I am trying to parse the following instance data representing a
tree with a root and two nodes:

--------------------------------------------------
:Top
a proc:ProcedureDefinition;
rdfs:label "Top";
proc:step [ a proc:ProcedureCall;
proc:definition :Sub1;
];
proc:step [ a proc:ProcedureCall;
proc:definition :Sub2;
]
.

:Sub1
a proc:ProcedureDefinition;
rdfs:label "Sub1"
.

:Sub2
a proc:ProcedureDefinition;
rdfs:label "Sub2"
.
-----------------------------------------------------

All I want to do using SuRF is (a) find the top node, and (b)
print the labels of the children. (a) is no problem, (b) is
what's driving me insane

My Python program contains the following relevant code:

-------------------------------------------------------
ProcedureDefinition =
session.get_class(surf.ns.PROC['ProcedureDefinition'])
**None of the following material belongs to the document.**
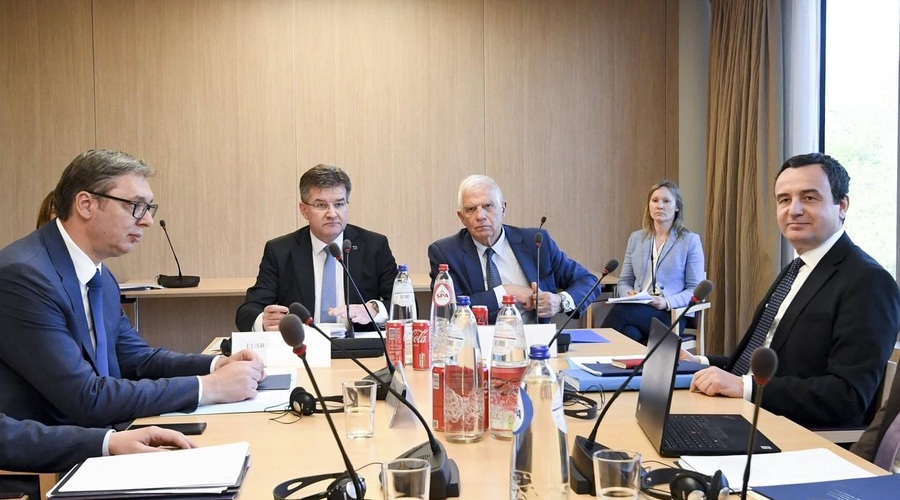 Nevarna igra Vučića in Kurtija: "Ljudje brez kalibra in brez idej nam govorijo črno-belo resnico" (foto: Profimedia)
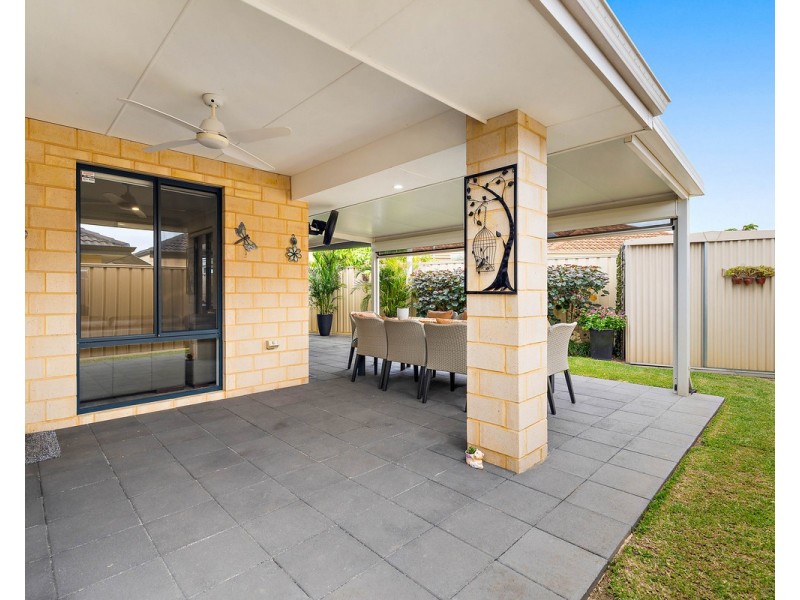 33 Tipperary Bend, Canning Vale WA 6155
topdef = ProcedureDefinition.get_by(rdfs_label="Top").first()
print topdef.rdfs_label
step = topdef.proc_step.first
print step.rdfs_label
---------------------------------------------------------

The first rdfs:label print is fine: it prints out "Top", just as
I expect. The second print statement, where I am expecting it to
print out the label of whatever child node of my top instance
happened to be picked as 'first', instead prints out:

[rdflib.term.Literal(u'Top'), rdflib.term.Literal(u'Sub2'),
rdflib.term.Literal(u'Sub1')]

i.e. it's a list of *all* the labels associated with *any*
ProcedureDefinition in the store!

As I said: I don't understand at all why this is happening, and
I'd be enormously grateful for some assistance, either on why
it's not doing what I expect, but also on how I could change
things so that it does. If it helps, I've put the full files on
DropBox: <http://dl.dropbox.com/u/31054689/min-test.tar.gz>

Regards, and many thanks in advance,

--
Leo

cuu...@gmail.com

unread,
Jul 26, 2012, 5:19:10 PM7/26/12
to sur...@googlegroups.com
The part that prints all three labels looks like a bug, should have
been empty list. Either that, or I too lack understanding how BNodes
work...

But to get to definition labels, you have to dig deeper:

print step.proc_definition.first.rdfs_label.first

Peteris


2012/7/26 Leo Breebaart <l...@lspace.org>:
> --
> You received this message because you are subscribed to the Google Groups "surfrdf" group.
> To post to this group, send email to sur...@googlegroups.com.
> To unsubscribe from this group, send email to surfrdf+u...@googlegroups.com.
> For more options, visit this group at http://groups.google.com/group/surfrdf?hl=en.
>

Leo Breebaart

unread,
Jul 27, 2012, 3:29:00 AM7/27/12
to sur...@googlegroups.com


On Thursday, 26 July 2012 23:19:10 UTC+2, Pēteris Caune wrote:

The part that prints all three labels looks like a bug, should have
been empty list. Either that, or I too lack understanding how BNodes
work...

But to get to definition labels, you have to dig deeper:

print step.proc_definition.first.rdfs_label.first
 
Oops, you are right -- I think I was trying out so
many different things yesterday, that in the end I just
got too confused about what I was looking at, sorry.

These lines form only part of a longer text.